Myron giggled, “You don't mean that!”

“Oh but I do.” Carter had a certain affection for this lie. “I suppose it'll show up again one of these days,” he added.

Guffaws.

*   *   *

Skelton thought that when what you ought to do had become less than a kind of absentee ballot you were always in danger of lending yourself to the deadly farce that surrounds us. The subtlest kind of maladjustment and you plummeted through the tissue surface of the socially lubricated and solvent to that curious helter-skelter of selves which produced such occasional private legislators as Nichol Dance.

Ideas like that, thought Skelton, could set a man to barking. Even a brief soulful howl beside the garbage would help. Even the notions of what wild horses couldn't get you to do acquired an unabstract vigor—to the extent that you could nearly see their luminous manes and screaming nocturnal shapes. Half the time when lives streamed past on parallel courses, a false security developed: and the victim began to imagine that these lifelines did not congest or break down. Too late, the head-ons became apparent and you looked up to scream: The sonofabitch is in my lane! Histories are fused as metal by heat.

There was a knocking on the door of the fuselage. Skelton opened it; it was the wino drill sergeant from next door. “Come in.”

“Thank you, sir. Do you have a dog?”

“No, I don't.”

“I thought I heard barking.”

“I was clearing my throat.”

“I was wondering, sir, if you could accompany me to headquarters.”

“Next door?” Skelton asked.

“Yes, sir.”

“Why?”

“No questions, please.”

“All right,” Skelton said, thinking, I will lend myself to another's trip as my own leads only to the sillier kind of despair, plus, of course, Hamletism; not to mention mooning and the unenunciated snivel.

Skelton followed the sergeant with civilian dignity. At the door to the hotel, they were saluted by two winos who permitted them to enter the vomit-scented front hall. They ascended the stairway, whose walls approached within inches of Skelton's shoulders. There was a man on duty at the top of the stairs and two men, rather less on duty, out cold in the upper hallway in their own puke, their blurred, raspy faces and crew-cuts communicating precisely what is communicated by a wrecking yard.

Skelton was shown into a room; the door was closed behind him as the light was turned on.

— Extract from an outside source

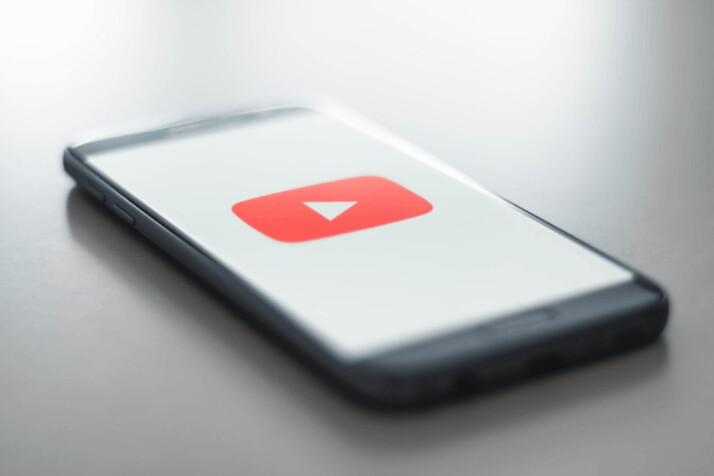 a black smartphone showing the opening logo of YouTube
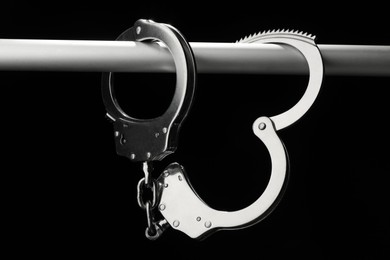 Photo of Metal chain handcuffs on pipe against black background, closeup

The room only had space for a single bed, and Skelton's father was in it looking less mortal than ephemeral; and considerably more dead than alive. He had his fiddle with him.

It was plain that the sheet beneath which his father lay was the one he had worn these last days around town. It had motor oil and dirt all over it, and on the section that covered his feet was a tire print.